Hello and welcome to another edition of Laugh Through the Payne! Before we get to any of this week’s jokes, I’ve got a bit of self-promoting to do.
After months of hard work, a comedy play that I wrote, National Treasure: Remastered will be making its debut on stage here in NYC! The show is at 9pm next Saturday (2/29) and tickets are on sale now. Not only did I write and direct it, but I’ll be making my acting debut too - if nothing else the chance of that going terribly is worth the price of admission. There are still some tickets on sale, so if you’re in NYC or know someone that is, the support would be greatly appreciated. Here’s the link to buy tickets:
Enough about that, though, it’s been quite the week. Let’s get to it.

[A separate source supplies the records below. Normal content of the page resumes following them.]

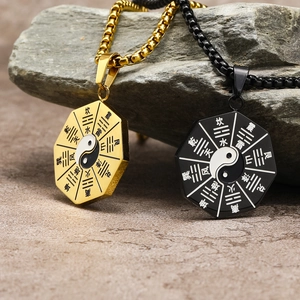 Collar con Colgante Bagua Tai Chi Yin Yang de Acero Inoxidable Vintage Punk Octogonal Geométrico Estilo Étnico Joyería Hombre Mujer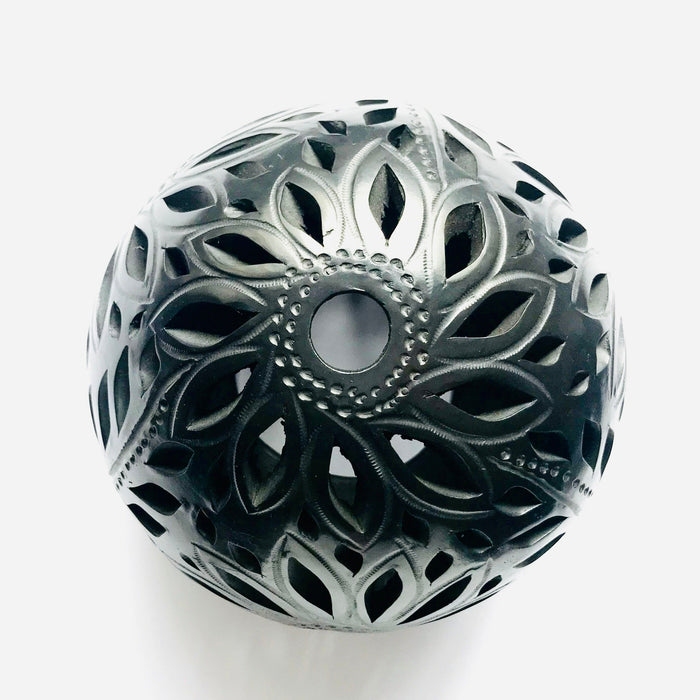 Black Clay Carved Candelholder  H4" D6"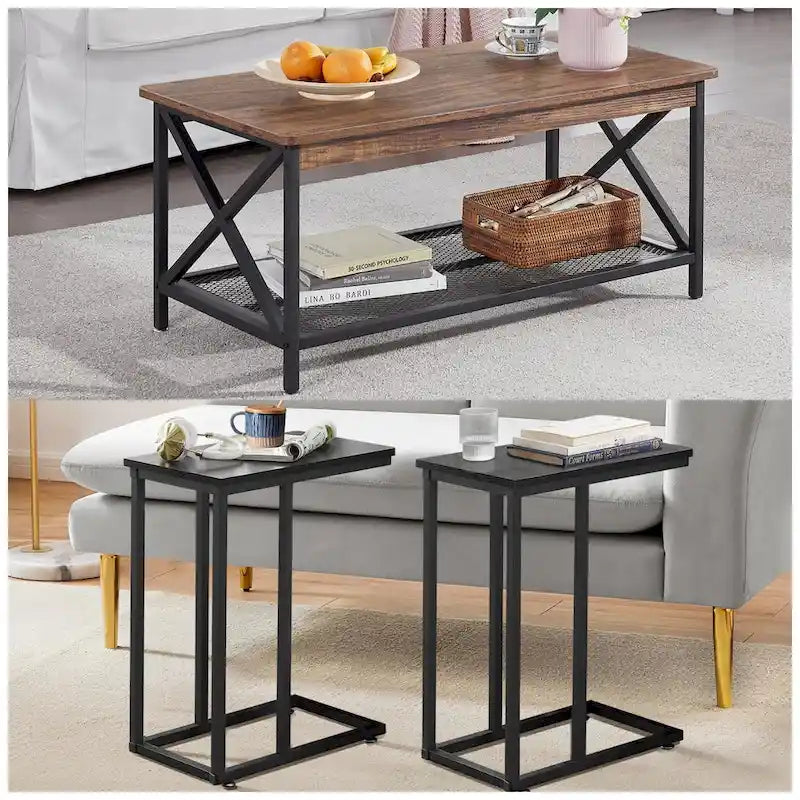 Javlergo Ensemble de 3 Tables Basses pour Salon, Table Basse en Bois et Ensemble de 2 Tables d'Appoint en C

What the Hell Happened This Week?
The gloves came off at the Nevada Democratic debate on Wednesday as the candidates ruthlessly attacked one another. No duo was more contentious than Indiana’s Pete Buttigieg and Minnesota’s Amy Klobuchar, whose disdain towards each other has become uncomfortably apparent. If the two aren’t able to keep it civil in the next debate, they’re going to have to get physical and settle the score the old-fashioned Midwestern way - by wrestling in a pool of ranch.
No one had a better debate than Senator Elizabeth Warren, whose performance was so strong that she reported a record-breaking $4 million in campaign contributions on Thursday alone. While that $4 million is great, it’s not nearly valuable as the $20 she left the debate stage with after taking Mayor Bloomberg’s lunch money on national TV.
Senator Warren openly hates billionaires, but we saw the potential good they can do this week as Jeff Bezos donated an astounding $10 billion of his personal wealth to combat climate change. While the donation is incredibly generous, I’m skeptical that Bezos will be able to save the planet, as he’s never even been able to get control of his own environment.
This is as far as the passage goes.